Jetzt wandten sich auch die anderen den Dreien zu, und die Regenbogenflamme war, bis auf das Sonnenhell, wieder vollständig.
Und plötzlich flammte die Energie der Schöpfer auf, weiß-violett aus flimmerndem, goldfunkendurchsetztem Weiß, und die weibliche Nichtgezeichnete sang der übermächtigen, bewußt gewordenen ehemaligen Datenbank der Kimera: „Wir haben verstanden, wonach Du suchst ... Wir haben verstanden, was Dir solchen Schmerz bereitet, und wir sind die, die wissen, wie Du bekommst, was Du brauchst ...”
Die Energie der Schöpfer wieder zu spüren, nach so langer Zeit, tat unendlich gut ... und die, die die Regenbogenflamme formten, taten alles, was in ihrer Macht stand, um ihr höchste Intensität zu bieten. „Wir haben, was Du suchst ... teile mit uns und werde neu ... teile mit uns und werde ganz ...”
Und die Zweite sang der Komplexschwingung einmal mehr von der Vereinigung ... davon, was geschähe, würde ein Träger eines ihrer winzige Selbste eins mit einem Träger der Energie der Schöpfer ... Taelon und Jaridian, Blau und Weiß-Violett, unendlicher stehender Klang
und pure Intensität ...
Kältestes Blau, durchdrungen von funkelnder Hitze ...
Taelon und Jaridian ...
Energie und Materie ...
Eins, etwas Neues, etwas ganz Neues ...
Viele - viele ganz Neue ...
Viele - Ihresgleichen ...
Die alles waren, was sie war, alles und noch viel, viel mehr ...
Die Stimmen hatten, nacheinander zu rufen ...

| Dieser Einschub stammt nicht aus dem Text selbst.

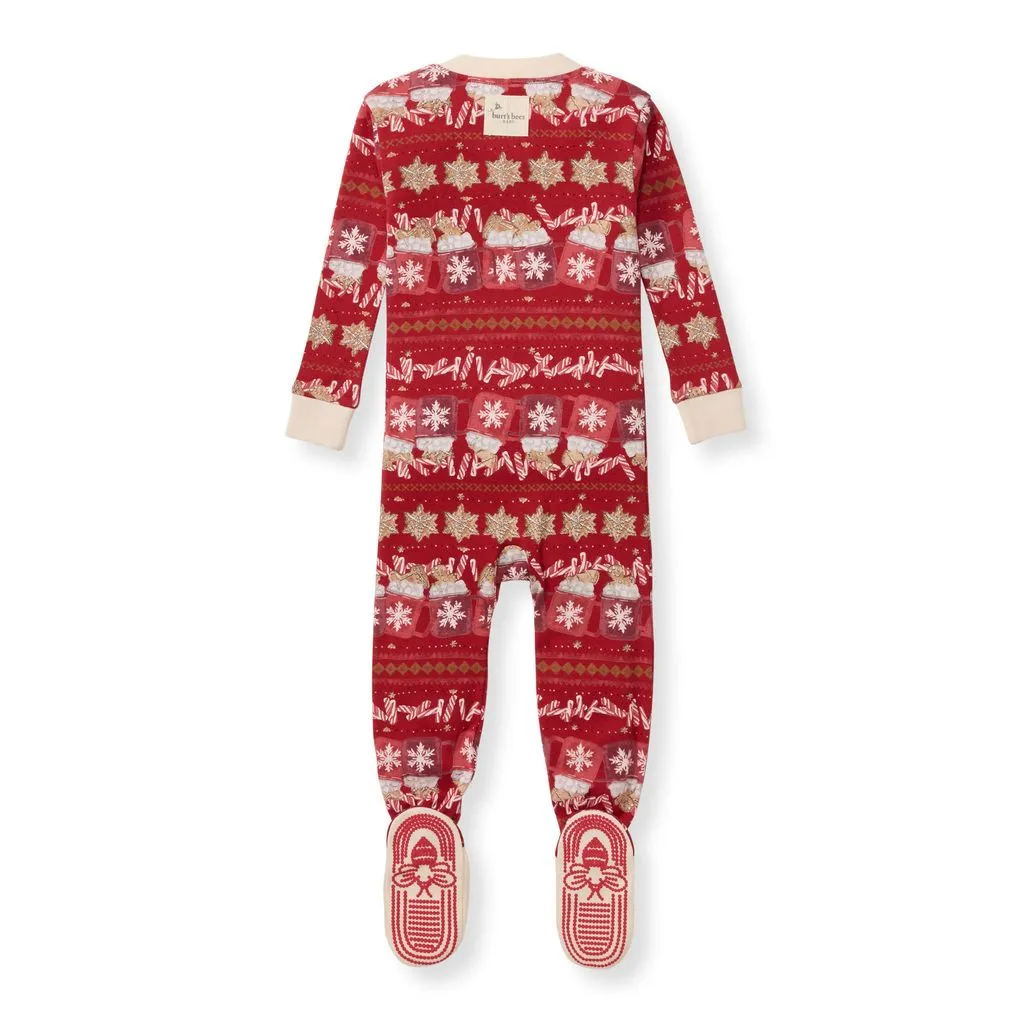 Sleeper Matching Family Pajamas - Hot Cocoa - Cardinal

Sie wäre - nie wieder einsam ...
Das Blau um die Regenbogenflamme hatte zu funkeln begonnen, wie zu Beginn, als die Zweite es mit ihrem Shaqarava berührt hatte.

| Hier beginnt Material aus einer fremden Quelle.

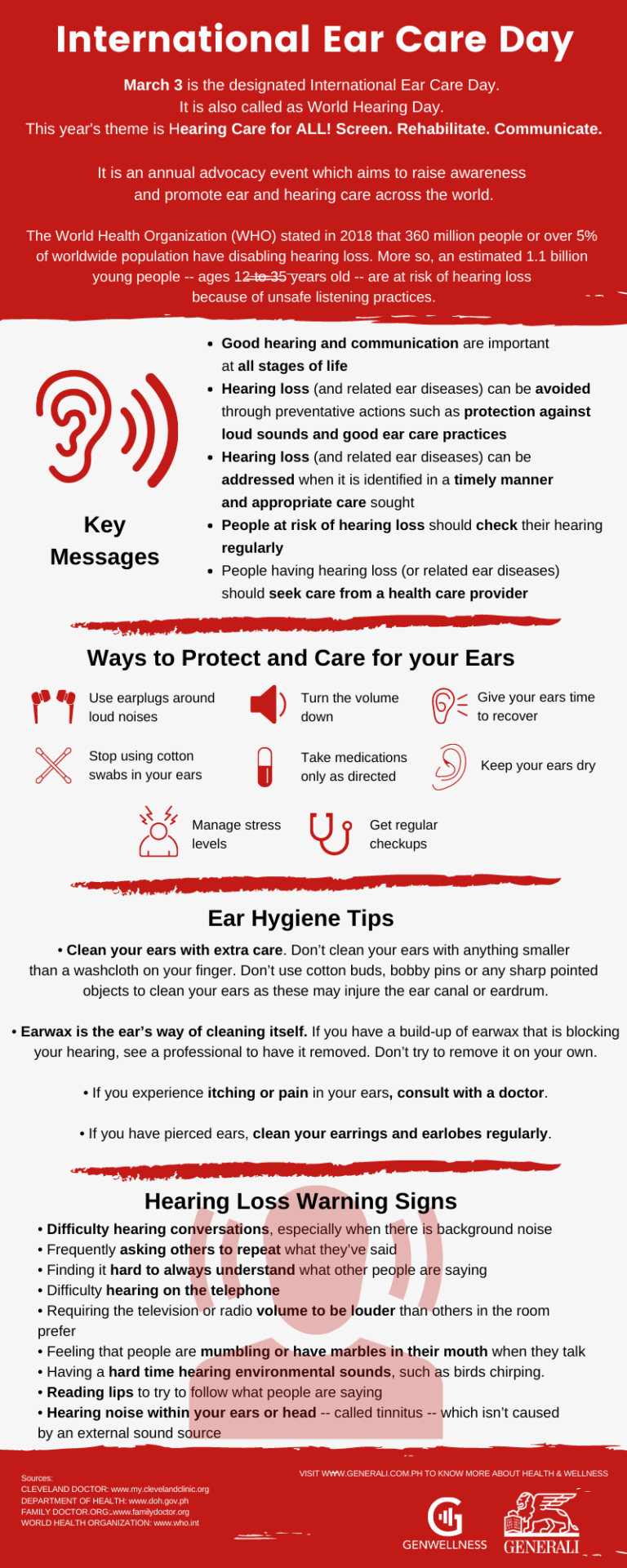 International Ear Care Day Generali Life Assurance Philippines, Inc.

Nein, die fremdartige Intelligenz konnte die nicht zerstören, die in ihr teilten ... nicht, wenn jedes einzelne ihrer winzigen Selbste, die diese in sich trugen, neue Ihresgleichen werden konnten - nicht, wenn sie selbst endlich wirklich Viele werden konnte ... viele Einzelne, die einander begegnen konnten und ganz und gar neu, weil ganz und gar verschieden wären ...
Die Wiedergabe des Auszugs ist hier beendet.